— MATERIAL PROVIDED —
##############################

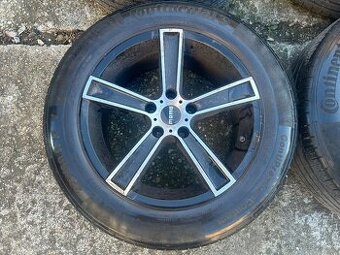 225/60R17 5x114.3 8J ET38 stred 67.1mm - MOMO ITALY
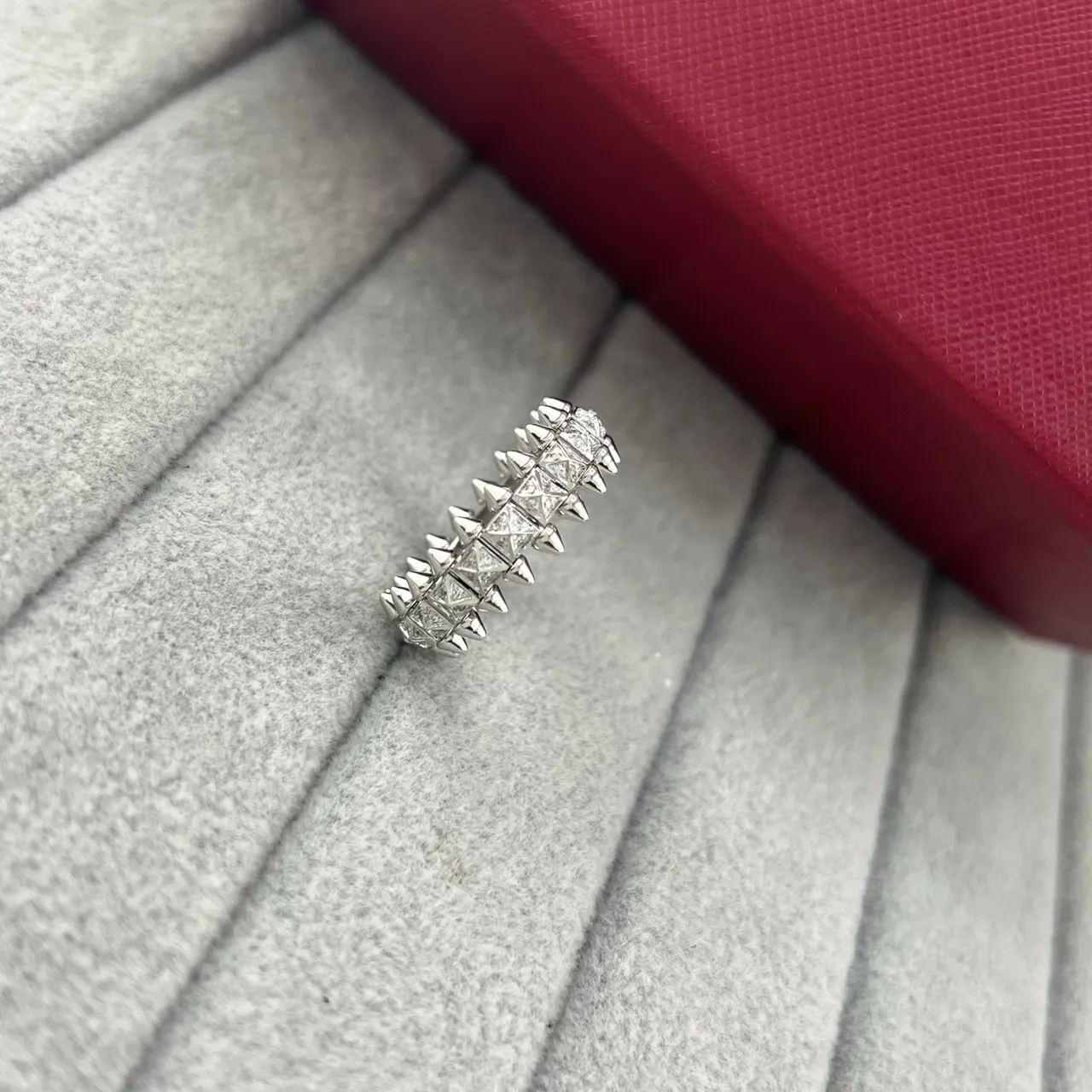 Cartier Juste un Clou Gold Silver Spiked Crown Motif Pavé-Set Triangular Facets Ring
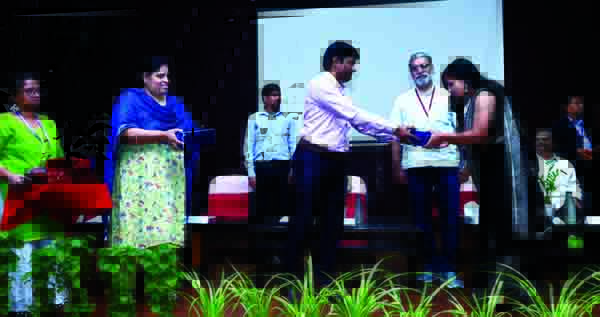 ప్రజాస్వామ్య వ్యవస్థలపై ధన ప్రలోభం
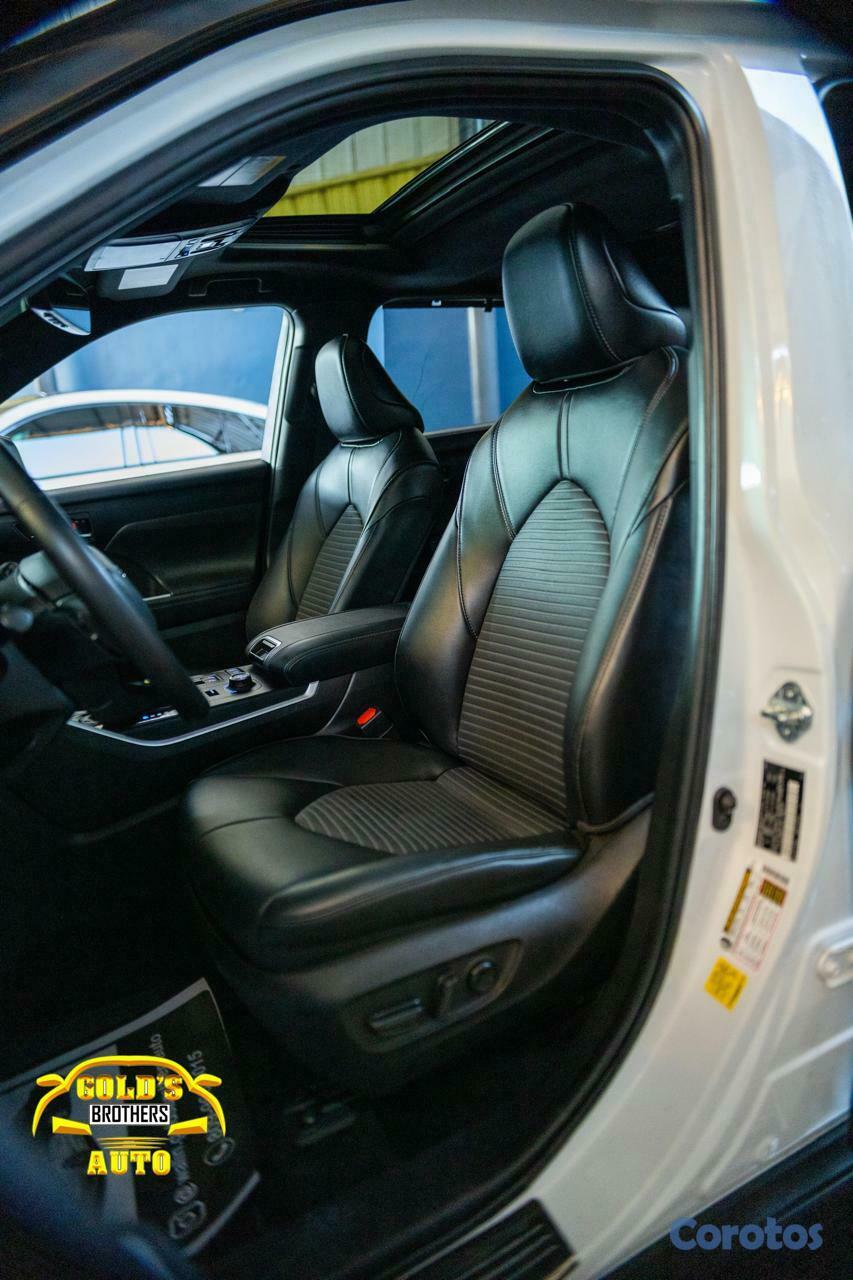 jeepetas y camionetas - Toyota Highlander XSE 2022 Recien Importada Clean  8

##############################

Copy the listing character for character, pictures omitted.

 225/60R17 5x114.3 8J ET38 stred 67.1mm - MOMO ITALY
 Cartier Juste un Clou Gold Silver Spiked Crown Motif Pavé-Set Triangular Facets Ring
 ప్రజాస్వామ్య వ్యవస్థలపై ధన ప్రలోభం
 jeepetas y camionetas - Toyota Highlander XSE 2022 Recien Importada Clean  8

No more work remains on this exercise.